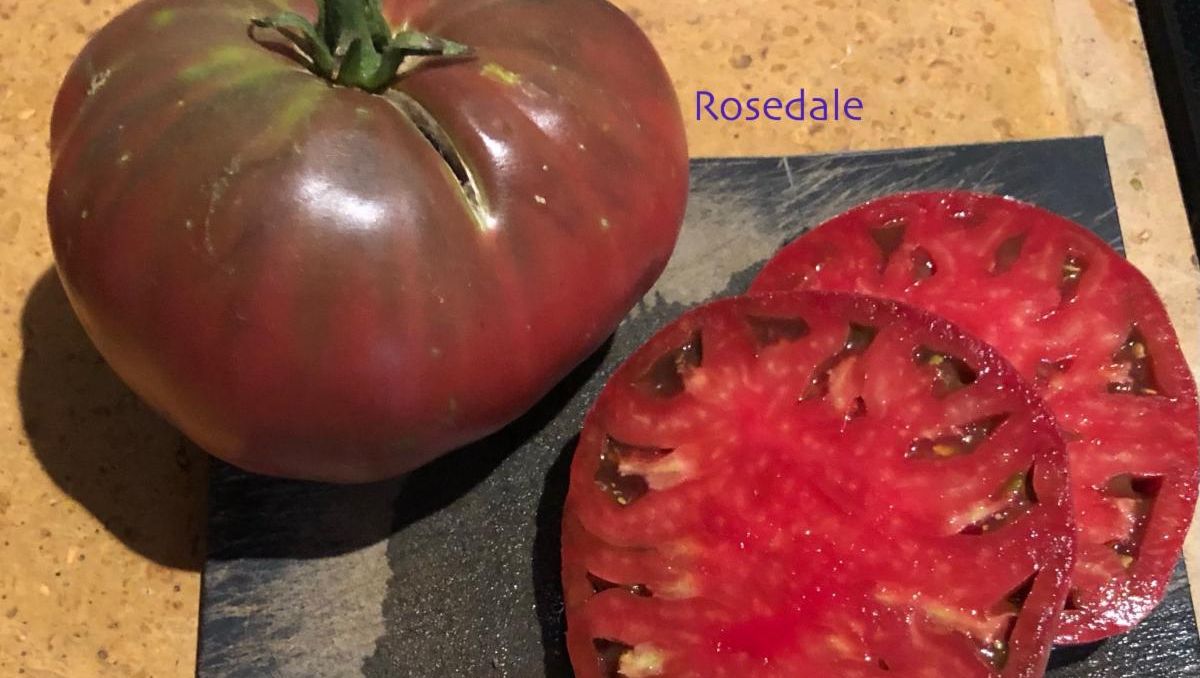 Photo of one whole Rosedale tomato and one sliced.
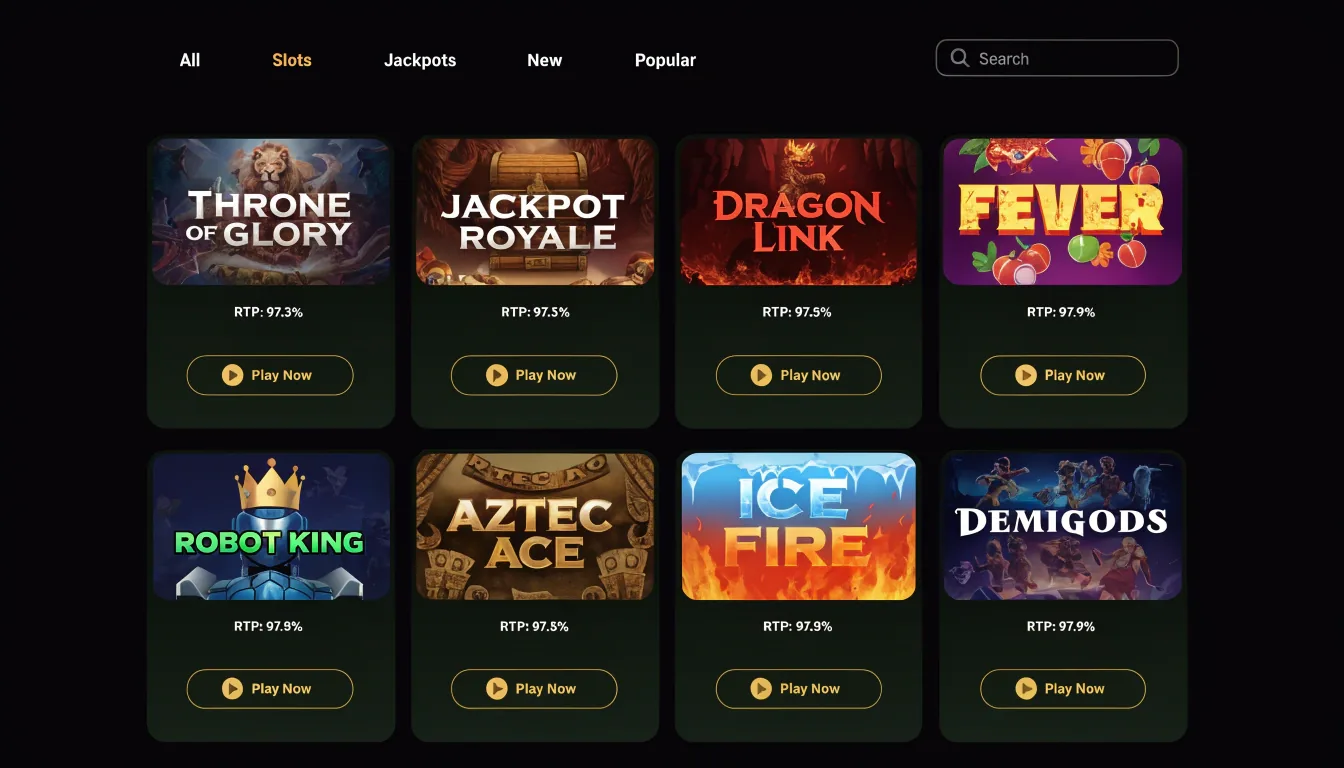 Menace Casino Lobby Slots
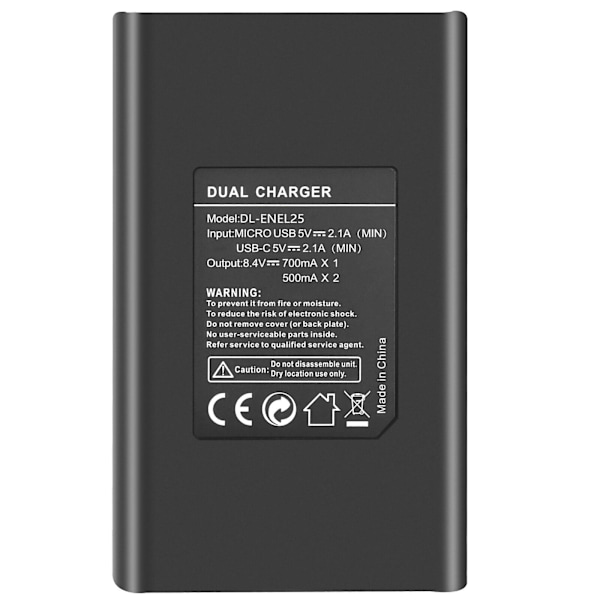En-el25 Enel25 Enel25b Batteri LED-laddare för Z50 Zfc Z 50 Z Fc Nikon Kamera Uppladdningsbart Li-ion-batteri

.....

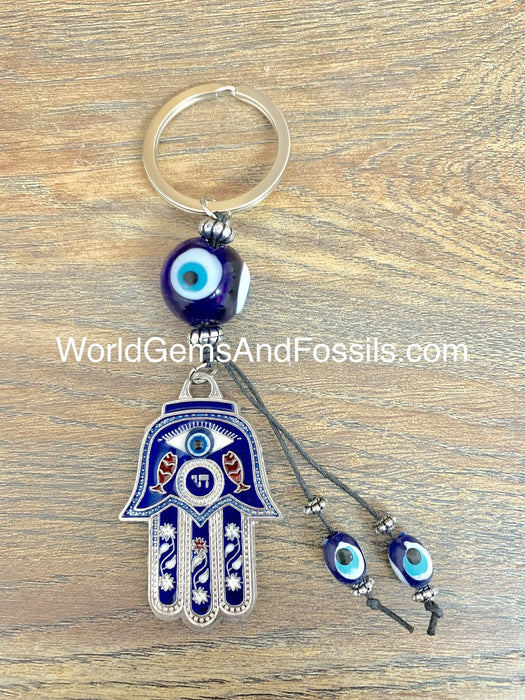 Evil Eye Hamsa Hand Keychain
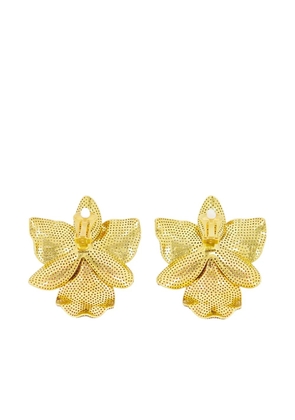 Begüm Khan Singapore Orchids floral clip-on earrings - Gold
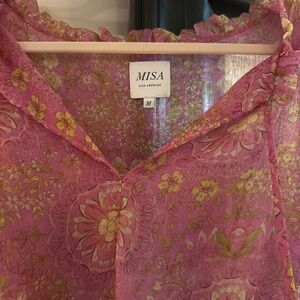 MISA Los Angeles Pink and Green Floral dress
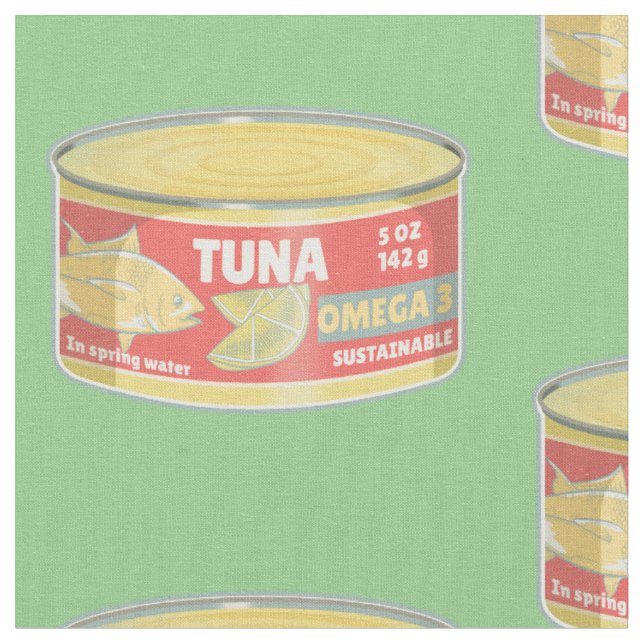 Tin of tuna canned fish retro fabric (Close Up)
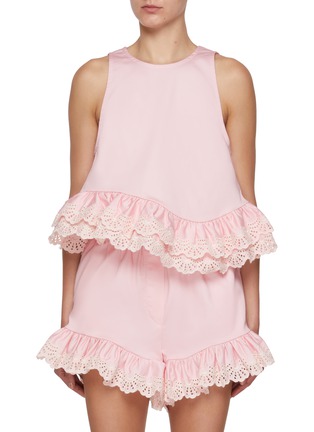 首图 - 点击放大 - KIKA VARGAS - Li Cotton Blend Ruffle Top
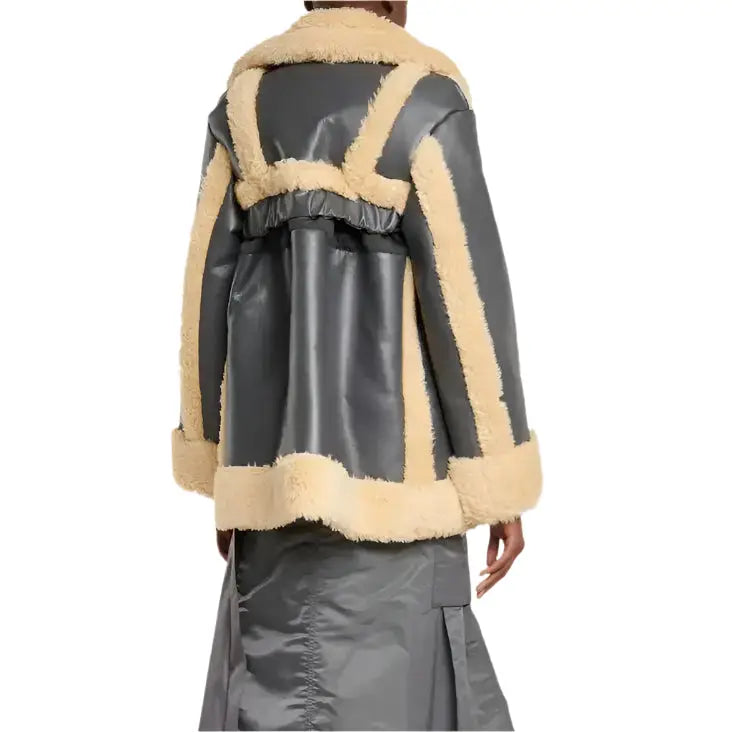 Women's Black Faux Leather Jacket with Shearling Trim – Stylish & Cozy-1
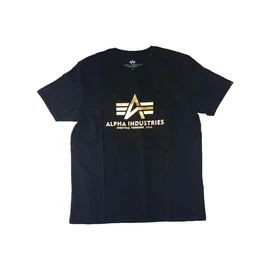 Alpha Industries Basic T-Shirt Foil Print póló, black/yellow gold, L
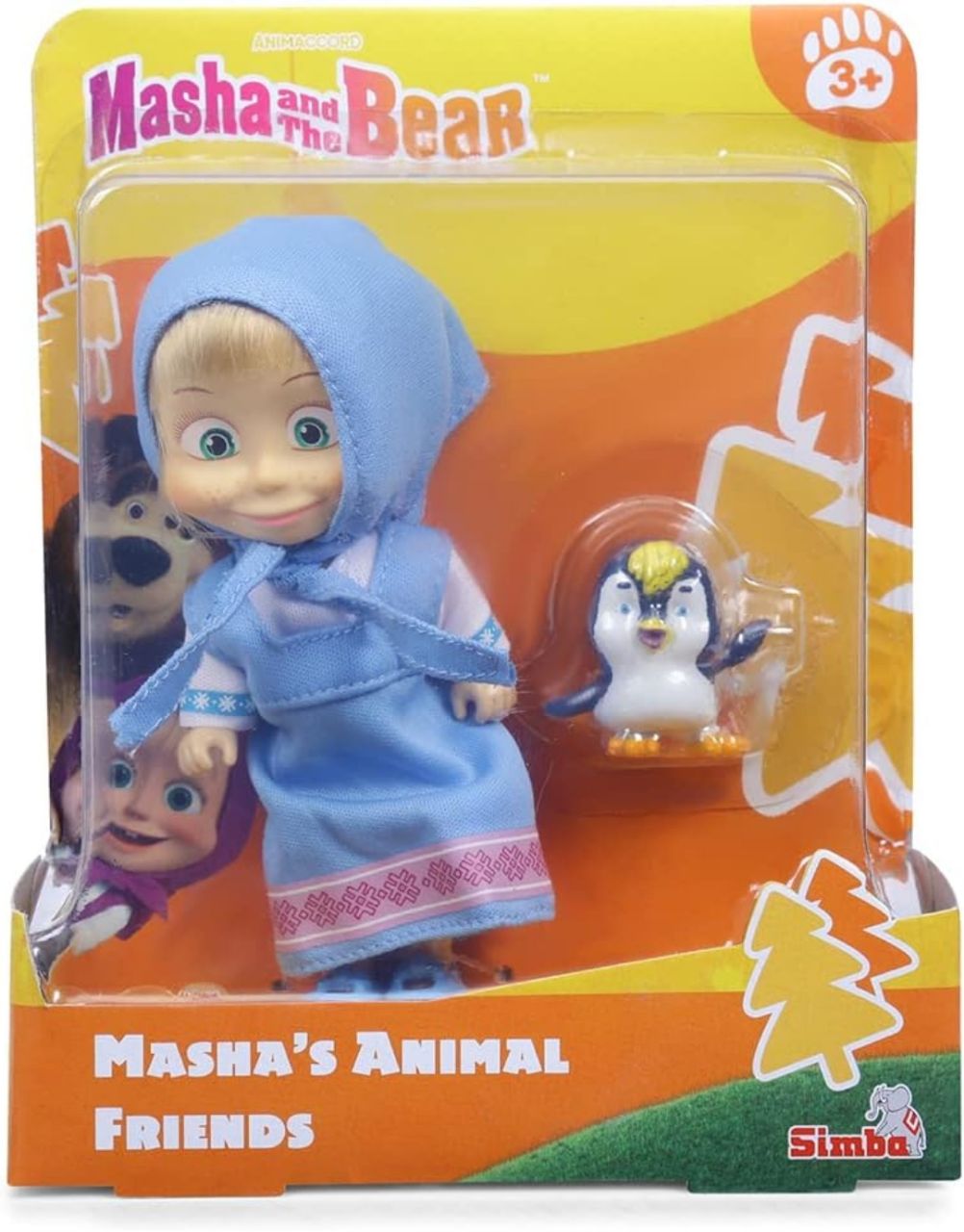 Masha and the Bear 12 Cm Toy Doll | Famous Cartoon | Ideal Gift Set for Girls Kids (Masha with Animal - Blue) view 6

.....

Having found the line with "Evil Eye Hamsa Hand Keychain" and the line with "Masha and the" in the material above, write out exactly those two and every line between, leaving the pictures out.

Result of the exercise:
 Evil Eye Hamsa Hand Keychain
 Begüm Khan Singapore Orchids floral clip-on earrings - Gold
 MISA Los Angeles Pink and Green Floral dress
 Tin of tuna canned fish retro fabric (Close Up)
 首图 - 点击放大 - KIKA VARGAS - Li Cotton Blend Ruffle Top
 Women's Black Faux Leather Jacket with Shearling Trim – Stylish & Cozy-1
 Alpha Industries Basic T-Shirt Foil Print póló, black/yellow gold, L
 Masha and the Bear 12 Cm Toy Doll | Famous Cartoon | Ideal Gift Set for Girls Kids (Masha with Animal - Blue) view 6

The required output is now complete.